Die Entscheidung, die Ärzte ohne Grenzen getroffen hat, besteht darin, unsere Aktivitäten am Laufen zu halten. Denn wir wissen, dass unsere Hilfe für Zehntausende von Menschen in Idlib lebenswichtig ist. Auch weil mehr als 35 Prozent der Patient*innen, die wir in unseren mobilen Kliniken behandeln, bereits an Atemwegsinfektionen leiden und das Virus schnell zu Komplikationen führen könnte. Aber wir passen unsere Aktivitäten an und versuchen, angesichts einer möglichen Verbreitung von Covid-19 verantwortungsvoll zu handeln.

Abstand bei Hilfsgüterverteilungen

In den Lagern haben wir damit angefangen, bei unserer Arbeit Massnahmen zur sozialen Distanzierung umzusetzen. Bei unseren mobilen Kliniken erlauben wir jetzt nur noch kleine Gruppen von Menschen, die sich um unsere Lastwagen versammeln, während sie auf eine Konsultation warten. Bei der Verteilung von Versorgungsgütern bitten wir die Menschen, einen gewissen Abstand einzuhalten. Auf diese Weise helfen wir den Vertriebenen weiterhin, verringern aber auch das Risiko, dass sie sich mit dem Virus anstecken. Natürlich wollen wir auch unsere eigenen Teams schützen und haben sie mit der nötigen Schutzausrüstung ausgestattet, damit sie weiterhin in den Lagern arbeiten können.

Wir haben zudem in drei von uns unterstützten Spitälern neue Triage-Systeme eingerichtet, um verdächtige Covid-19-Patient*innen besser identifizieren und isolieren zu können. Daneben führen wir Schulungen zum Patientenfluss-Management durch.

Die Lage im Nordwesten Syriens ist bereits eine humanitäre Notlage. Eine zusätzliche öffentliche Gesundheitskrise könnte schnell katastrophal enden.

Cristian Reynders, Einsatzkoordinator in Nordwestsyrien

Wir setzen alles in Bewegung, was möglich ist, doch bei einer Ausbreitung von Covid-19 wird das wahrscheinlich nicht ausreichen. Es sei denn ...

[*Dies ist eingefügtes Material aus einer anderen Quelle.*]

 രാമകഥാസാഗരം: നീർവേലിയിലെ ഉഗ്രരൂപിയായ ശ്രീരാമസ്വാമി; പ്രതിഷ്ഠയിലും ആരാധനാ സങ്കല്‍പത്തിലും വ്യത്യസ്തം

Grenzenlose Solidarität gefragt

... es sei denn, es gibt eine sofortige internationale Mobilisierung. Es sei denn, den Ärzt*innen und humanitären Organisationen werden die Mittel zur Verfügung gestellt, um diese potentielle Katastrophe richtig anzugehen, bevor sie eintritt. Es sei denn, die Spitäler erhalten die notwendigen Vorräte und Ausrüstungen, um dieser zusätzlichen Krise zu begegnen.

Und es geht um mehr als die Gesundheitsversorgung, auch wenn diese ausschlaggebend ist.

Die Menschen brauchen immer noch Nahrungsmittel, Unterkünfte, sanitäre Einrichtungen. Wenn man einer Pandemie gegenübersteht, sind all diese Dinge von entscheidender Bedeutung.

Cristian Reynders, Einsatzkoordinator in Nordwestsyrien

Covid-19 betrifft alle. Egal ob die Menschen in Syrien oder in Italien sind – sie sind alle miteinander verbunden. Dieses Virus betrifft jeden, unabhängig von seiner Nationalität oder Hautfarbe. Und genau so wie dieses Virus keine Grenzen hat, so hoffe ich, dass auch die Solidarität keine Grenzen hat.»